Au New Yorker’s Café de Takadanobaba, c’est très studieux. La couverture du manuel que ma voisine feuillette est intrigante. Difficile au premier regard de saisir le titre mais c’est du chinois. Voir un visage blanc blond plongé dans un ouvrage en chinois et s’afficher sur son écran perso un point d’interrogation expose son retard pris dans la conscience de la modernité. Elle porte un de ces casques d’isolement du monde extérieur, et la mauvaise conscience de n’avoir ne serait-ce que l’idée que je passe pour un dragueur à oser lui demander les circonstances de ses heures studieuses empêche de passer à l’acte indécent de poser la question. Tant et tant de pistes pour un journalisme ouvert.

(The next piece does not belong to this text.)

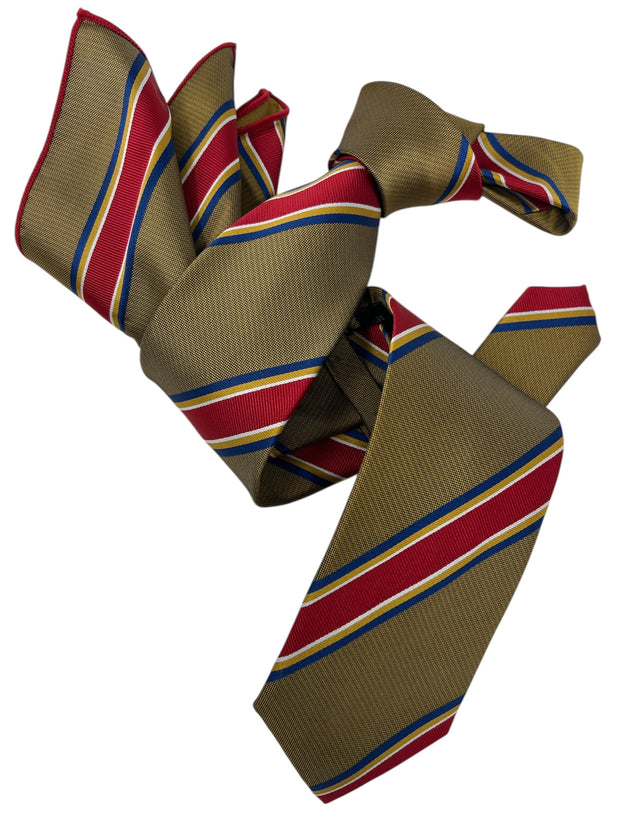 DMITRY Men's Olive Striped Italian Silk Tie & Pocket Square Set - Limited Edition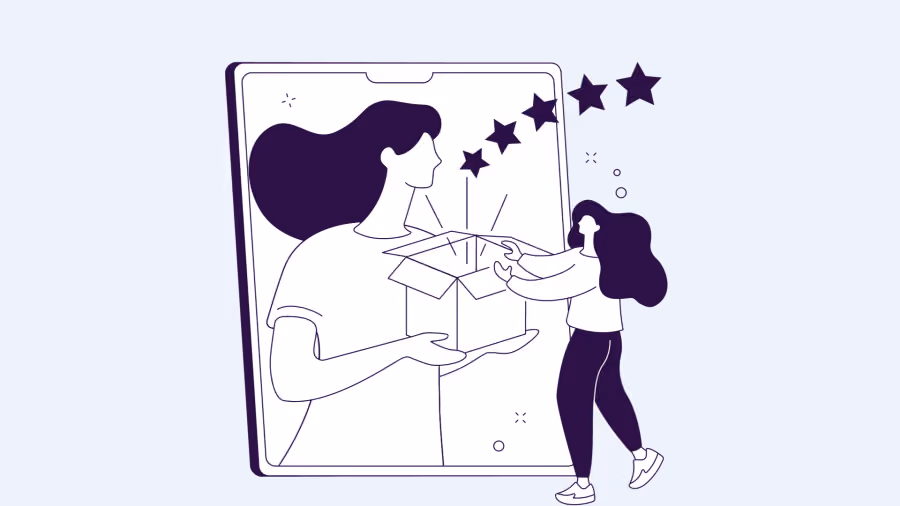 Ilustração roxa de mulher entregando uma caixa de presente aberta a um homem diante de uma tela de celular, com estrelas ao lado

Mais entre-temps et quelques regards supplémentaires en douce, le titre est apparu, puis prompté, pour apprendre qu’il s’agit d’un livre d’apprentissage du chinois, en japonais donc, publié par la maison d’édition ALC, selon une méthode d’écriture d’un journal personnel - du diarime quotidien - de trois lignes. Une foultitude de side dishes à récupérer sur le mobile font que toutes les dimensions sont abordées : la lecture, l’écriture, l’écoute, la prononciation. Impressionnant. Courage.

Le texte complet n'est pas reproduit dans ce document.